Pipelines in Microsoft Fabric encapsulate a sequence of activities that perform data movement and processing tasks. You can use a pipeline to define data transfer and transformation activities, and orchestrate these activities through control flow activities that manage branching, looping, and other typical processing logic. The graphical pipeline canvas in the Fabric user interface enables you to build complex pipelines with minimal or no coding required.

Core pipeline concepts
Before building pipelines in Microsoft Fabric, you should understand a few core concepts.
Activities
Activities are the executable tasks in a pipeline. You can define a flow of activities by connecting them in a sequence. The outcome of a particular activity (success, failure, or completion) can be used to direct the flow to the next activity in the sequence.
There are two broad categories of activity in a pipeline.
- Data transformation activities – activities that encapsulate data transfer operations, including simple Copy Data activities that extract data from a source and load it to a destination, and more complex Data Flow activities that encapsulate dataflows (Gen2) that apply transformations to the data as it is transferred.
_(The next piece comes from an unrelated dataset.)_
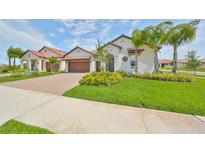 Beautiful single-story home showcasing a well-manicured lawn, palm trees and a two-car garage at 17152 Scuba Crest St, Wimauma, FL 33598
Other data transformation activities include Notebook activities to run a Spark notebook, Stored procedure activities to run SQL code, Delete data activities to delete existing data, and others. In OneLake, you can configure the destination to a lakehouse, warehouse, SQL database, or other options.
- Control flow activities – activities that you can use to implement loops, conditional branching, or manage variable and parameter values. The wide range of control flow activities enables you to implement complex pipeline logic to orchestrate data ingestion and transformation flow.